The first two criteria work well with code graders, while task following is better suited for model graders due to their flexibility.

Implementing a Model Grader

Here's how to build a model grader function:

def grade_by_model(test_case, output):
    # Create evaluation prompt
    eval_prompt = """
    You are an expert code reviewer.
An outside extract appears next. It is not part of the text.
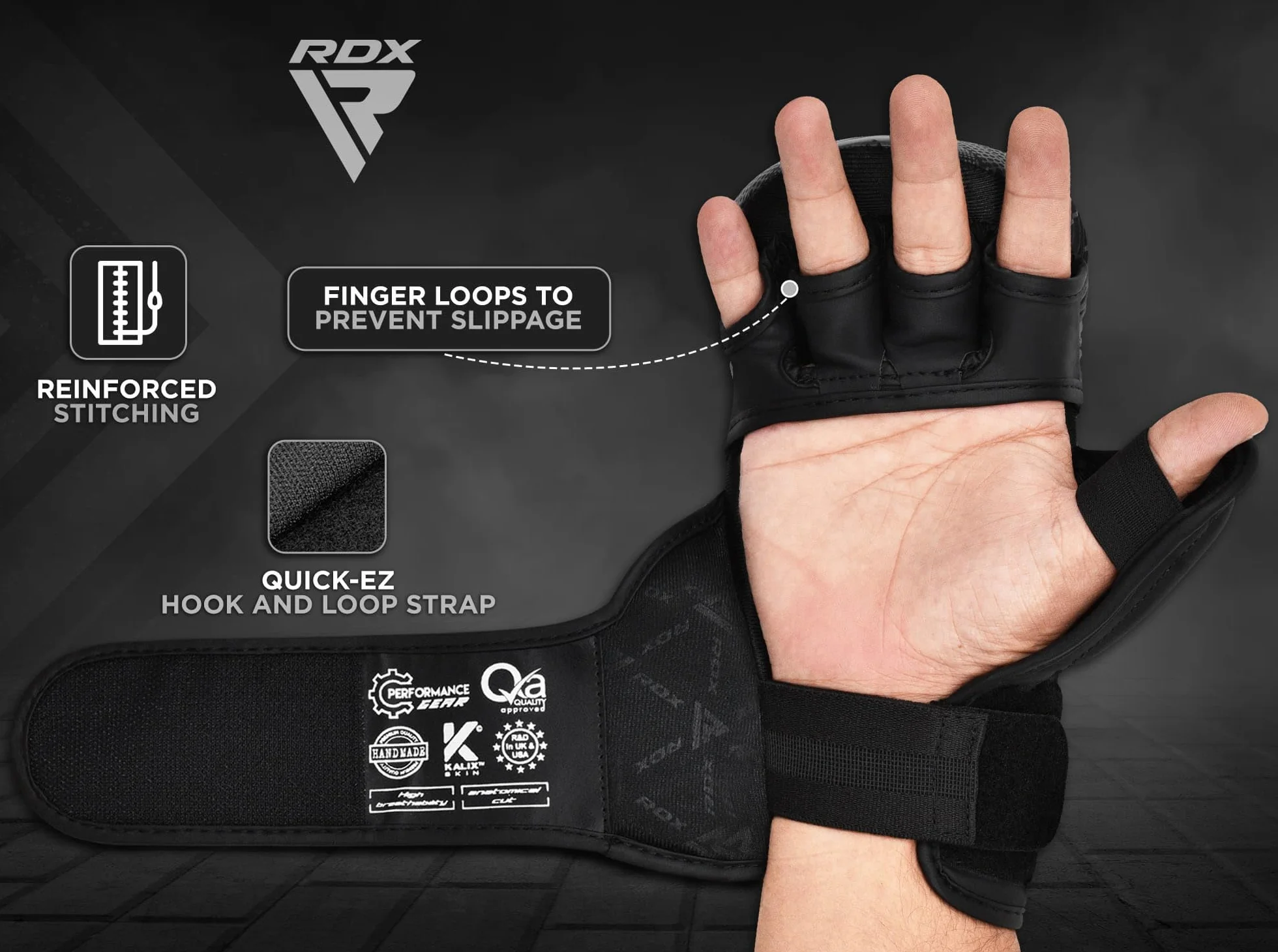 RDX Guantes de combate aprobados por IMMAF, diseño híbrido de grado profesional para nivel de competición y entrenamiento, palma abierta ventilada, correas de muñeca ajustables, artes marciales Muay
Evaluate this AI-generated solution.
    
    Task: {task}
    Solution: {solution}
    
    Provide your evaluation as a structured JSON object with:
    - "strengths": An array of 1-3 key strengths
    - "weaknesses": An array of 1-3 key areas for improvement  
    - "reasoning": A concise explanation of your assessment
    - "score": A number between 1-10
    """
    
    messages = []
    add_user_message(messages, eval_prompt)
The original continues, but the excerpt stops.